A cólera e o sagrado

 

 

La colère et le sacré. Recherches franco-brésiliennes. Organizado por Pierre Lévêque, Sílvia de Carvalho e Liana Trindade. Besançon, Presses Universitaires Franc-Comtoises, 2000.

 

            Dando continuidade a um volume anterior (Recherches brésiliennes. Archéologie, Histoire Ancienne et Anthropologie, 1984) da mesma coleção, Pierre Lévêque, o grande helenista francês da conhecidíssima Aventura Grega, toma a iniciativa de reunir trabalhos de pesquisadores franceses e brasileiros em torno do tema “A cólera e o sagrado”. O objetivo da empresa é o de permitir a pesquisadores brasileiros e franceses um trabalho conjunto na área de história e antropologia das religiões, num vasto plano comparativo.  

            As contribuições são muito diversificadas: P. Lévêque trata de enquadrar a problemática geral numa interessante introdução, “Cólera e sagrado. Pistas de reflexão”; S. Carvalho, explora o tema na antropologia brasileira, “A cólera divina e o castigo da humanidade”; R. Viertler analisa deste ponto de vista a religião e a mitologia dos Bororo do Mato Grosso; com L. Trindade, A. Delgado e V. Junqueira dos Santos passamos a outro universo com o estudo do “Riso de Exu e a cólera dos deuses” e “Pomba-Gira: uma entidade que pune rindo”. Com C. Lépine, passamos aos Iorubá, “Ìyàmi Òsòròngà revisitado: a força das mulheres e a cólera dos homens”; Finalmente, os historiadores da antiguidade voltam a se sentir em casa com os artigos finais: M.-Ch. Leclerc, “Cóleras sagradas. Sobre algumas funções da cólera na fundação do sagrado, de Homero a Euripides” e D. Faivre, “YHWH, o deus do nariz que queima”.

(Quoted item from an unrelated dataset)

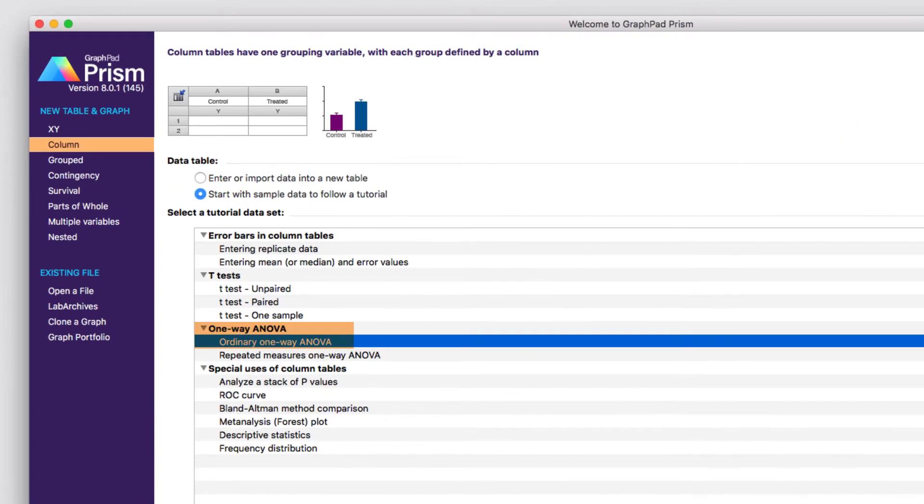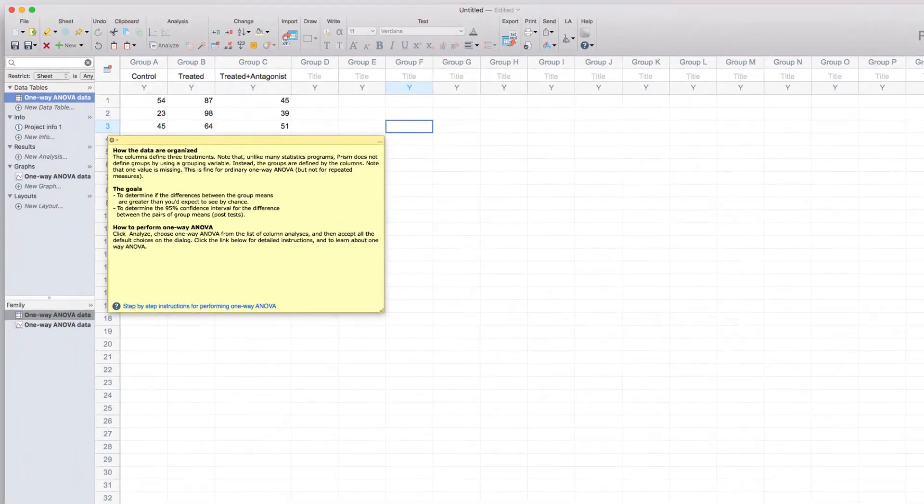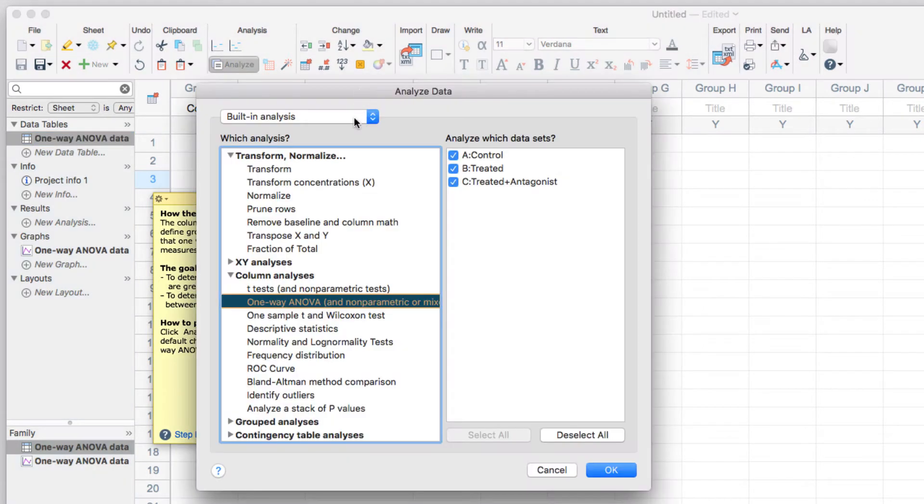To do that, I'm going to use the ordinary one-way ANOVA tutorial data set from the column data table, and click Create. I'm immediately going to analyze this data using a one-way ANOVA by clicking Analyze, selecting one-way ANOVA, and clicking OK.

            Este conjunto, aparentemente heterogêneo, tem um objetivo global: delimitar os setores onde se desenham permanências entre os mitos da cólera na África negra e na América do Sul, seus paralelos, suas evoluções, suas disparidades, sem esquecer os casos indo-europeu e semítico. A iniciativa se inspira, portanto, nas pesquisas comparatistas, e mostra, por parte de um helenista de prestígio internacional, uma vontade de diálogo da antiguidade clássica com outros domínios do conhecimento histórico e antropológico, como o ameríndio e o negro-africano. Com a convicção de que este diálogo é importante para a própria renovação dos estudos sobre a antiguidade.

            Seria muito longo resumir aqui cada uma das contribuições. Basta dizer que ela se constitui num instrumento de pesquisa muito útil  todos os que se interessam por esse tema tão central como a cólera (o helenista lembrará aqui, imediatamente, a cólera de Aquiles, e seu papel fundador na cultura grega), suas relações com o sagrado, mas também, de forma mais ampla, pelos sistemas de representações míticas, suas relações com a vida social, com a história, etc.